Muito diferente dos três primeiros anos do governo Marta Suplicy (PT),
quando a maioria das intervenções foi feita nos bairros da periferia.
Levantamento do Estado sobre investimentos da Prefeitura mostra que só neste
ano a região do centro expandido passou a receber recursos significativos.
Desde o início da atual administração, os investimentos têm sido
direcionados para a periferia. Em 2001, de cada R$ 100 investidos
diretamente num distrito paulistano, R$ 77,40 foram destinados a projetos
voltados para os bairros mais pobres. Algo entre R$ 160 milhões, em 2001, e
R$ 460 milhões, no ano passado.
A proporção de recursos para a periferia tem se mantido na gestão Marta, mas
graças a manobras nos gastos municipais a Prefeitura conseguiu deslocar
milhões de reais para obras em regiões mais favorecidas, como os Jardins e
Pinheiros. Só as duas passagens das Avenidas Rebouças e Cidade Jardim sob a
Faria Lima, iniciadas este ano, consumirão quase R$ 150 milhões.

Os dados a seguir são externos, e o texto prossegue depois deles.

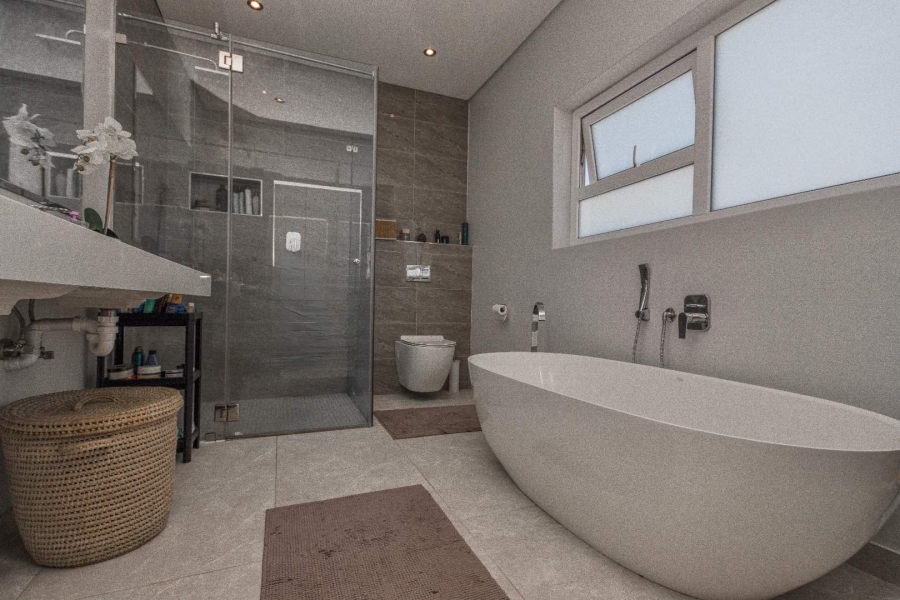 4 Bedroom Property for Sale in Sunset Beach Western Cape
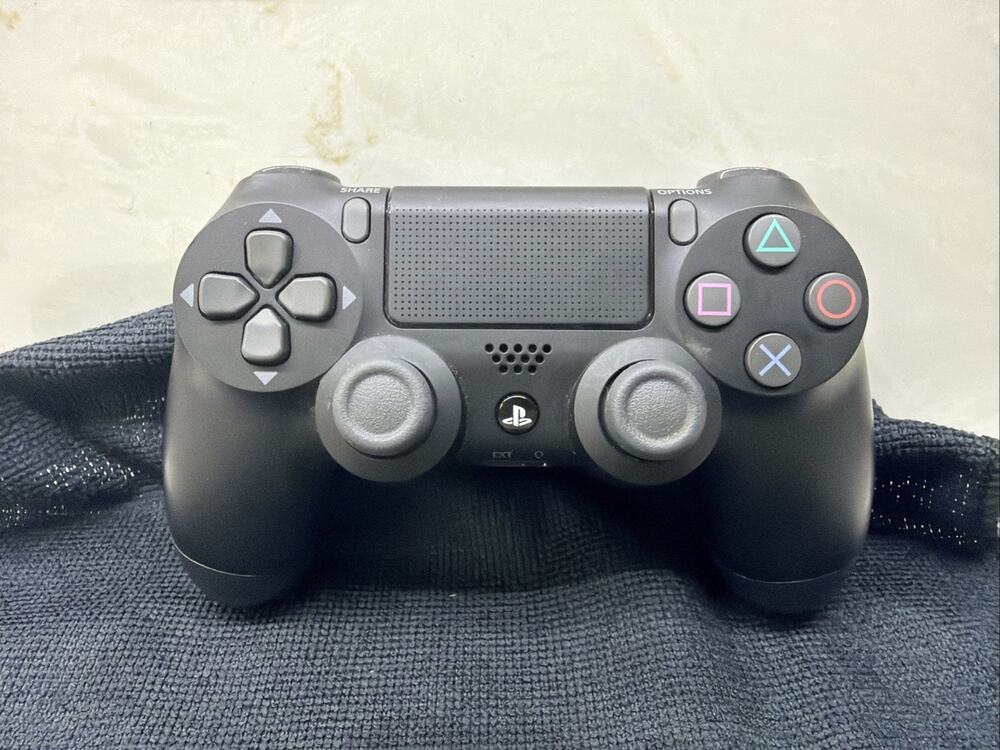 Sony Playstation DualShock 4 Wireless Controller - Jet Black EXCELLENT WORKING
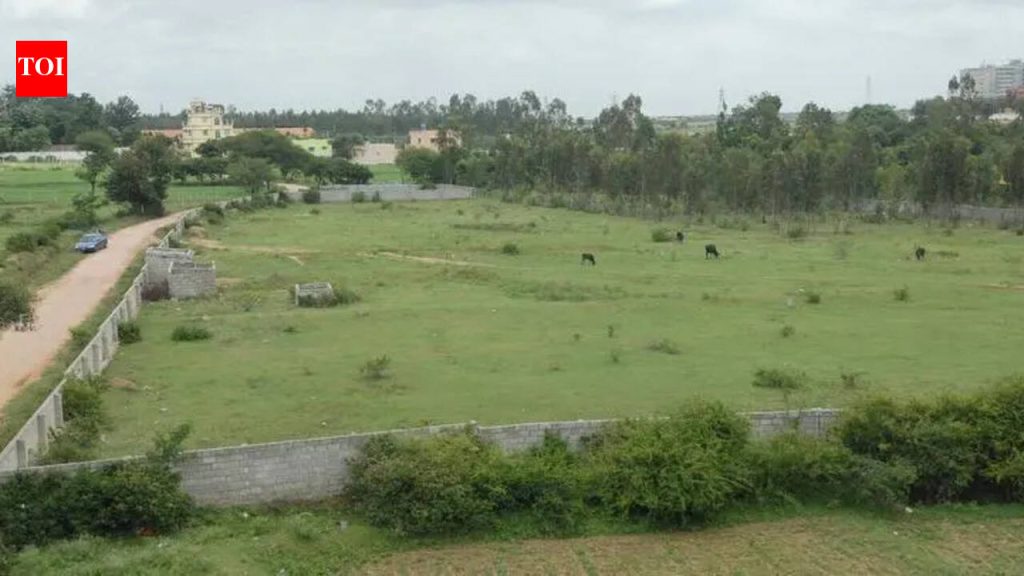 जमिनीच्या नोंदीमध्ये छेडछाड केल्याप्रकरणी 15 जिल्हा महसूल अधिकाऱ्यांसह 3 उपजिल्हाधिकाऱ्यांना सक्तीच्या रजेवर पाठवण्यात आले आहे.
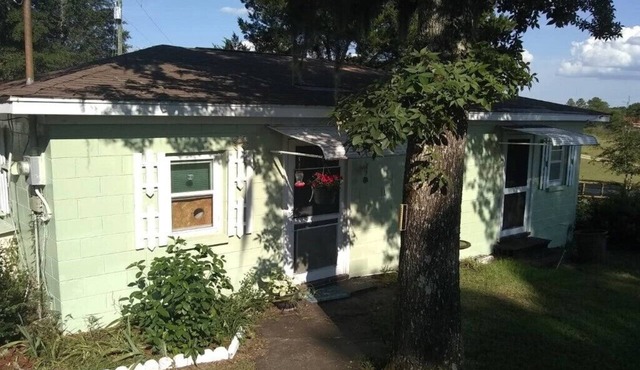 Quiet Winter getaway near the Savannah river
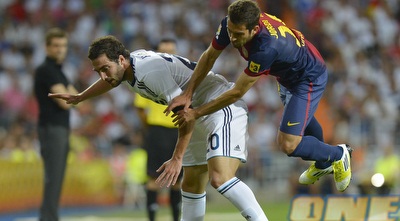 ג´ורדי אלבה מטפס על היגוואין (רויטרס)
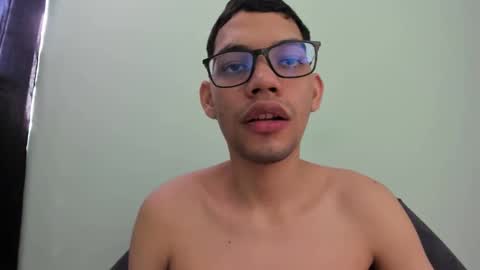 Snapshot of juansuarez204 chatting on 01.22.25 juansuarez204 online show from 01.22.25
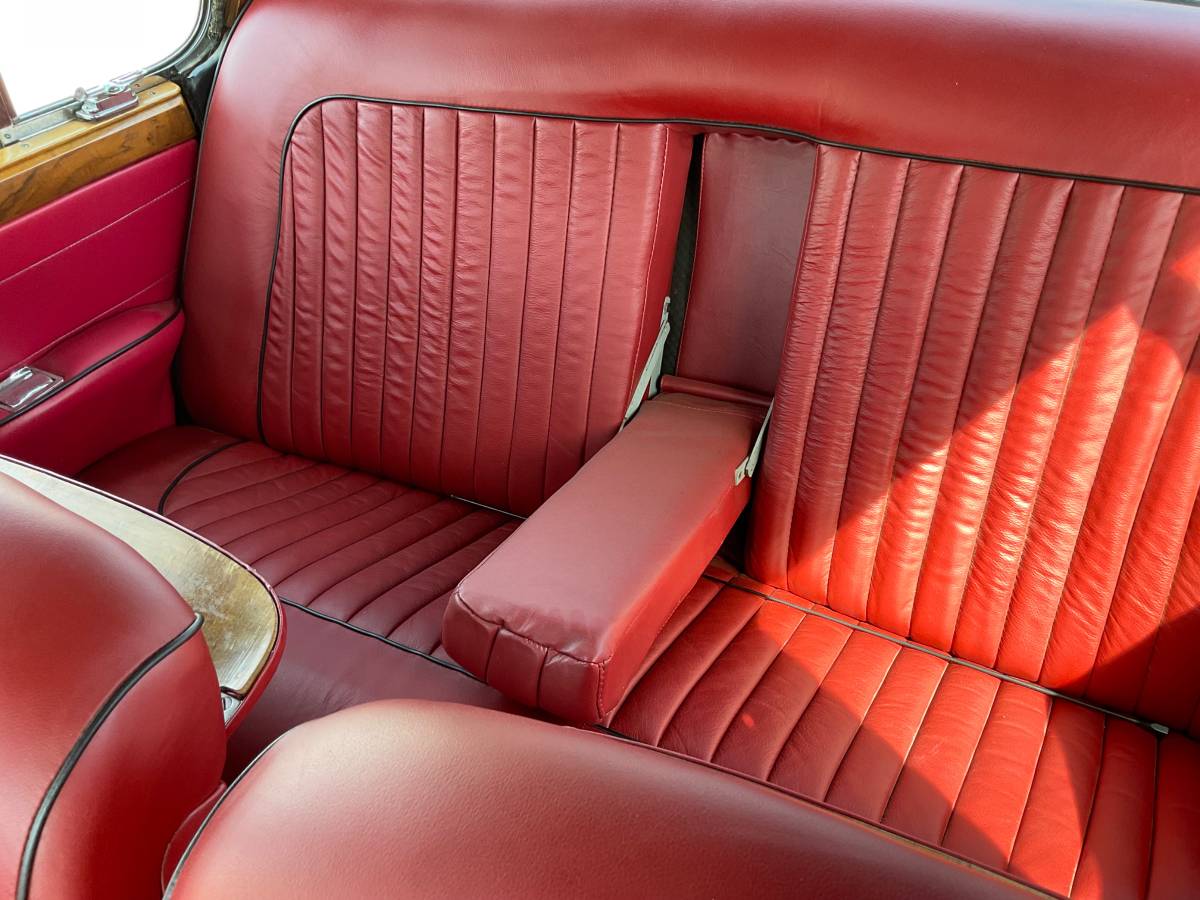 Jaguar-1960-11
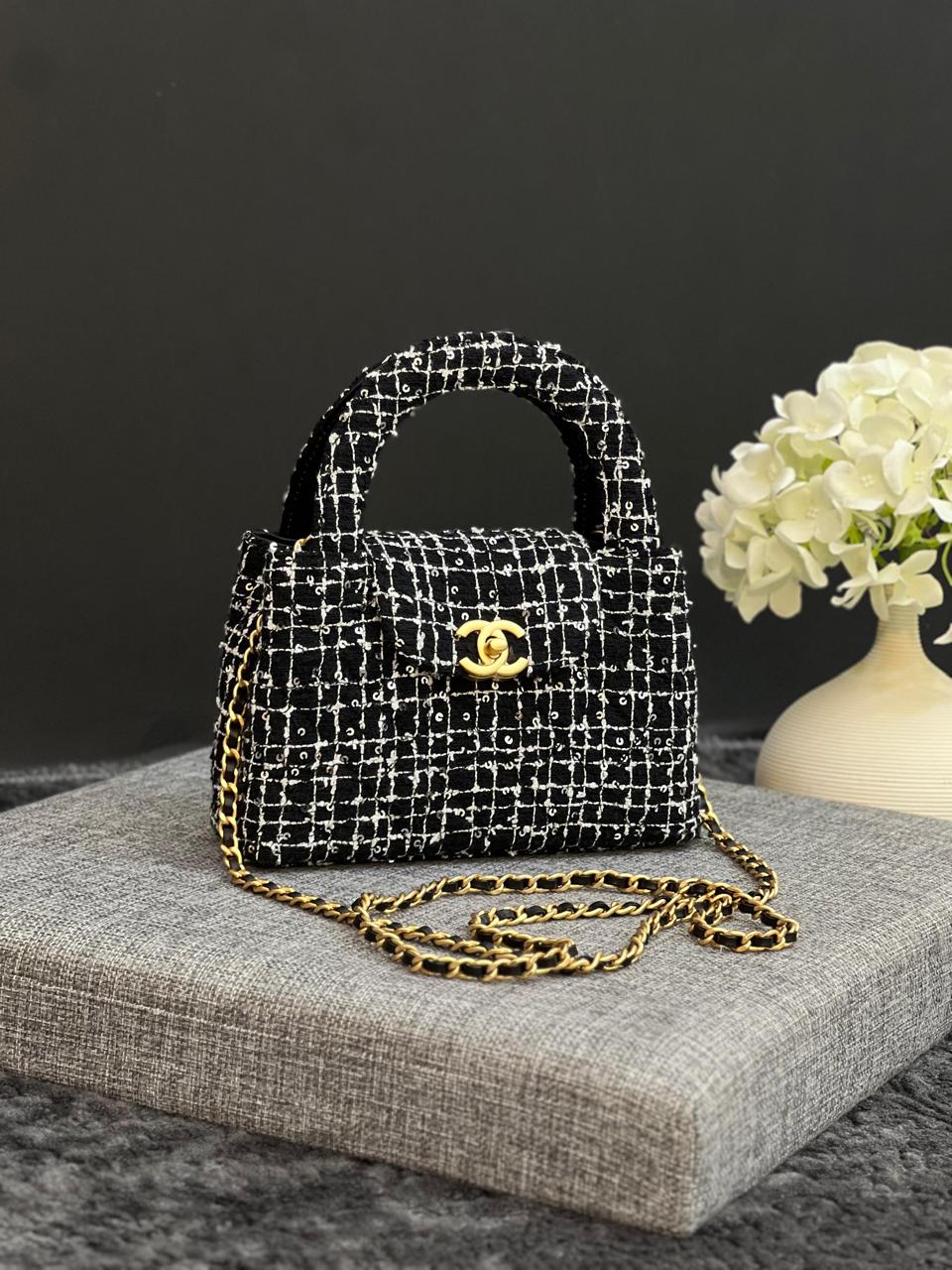 Ladies Chanel bags Lilly Onlines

Marta rejeita a tese de que concentrou obras nas regiões centrais só neste
ano eleitoral. “Não é verdade, estamos construindo desde o primeiro momento,
recapeando a periferia inteira e também as Avenidas Bandeirantes e Faria
Lima, que não são periferia.”
A prefeita diz que algumas intervenções que têm incomodado o paulistano,
como a construção dos corredores de ônibus, os Passa-Rápido, atrasaram por
falta de verbas. “Tivemos de esperar o governo Lula para o BNDES (Banco
Nacional de Desenvolvimento Econômico e Social) liberar o recurso. Agora o
que a gente ia fazer? Desistir e dizer que não íamos mais fazer?”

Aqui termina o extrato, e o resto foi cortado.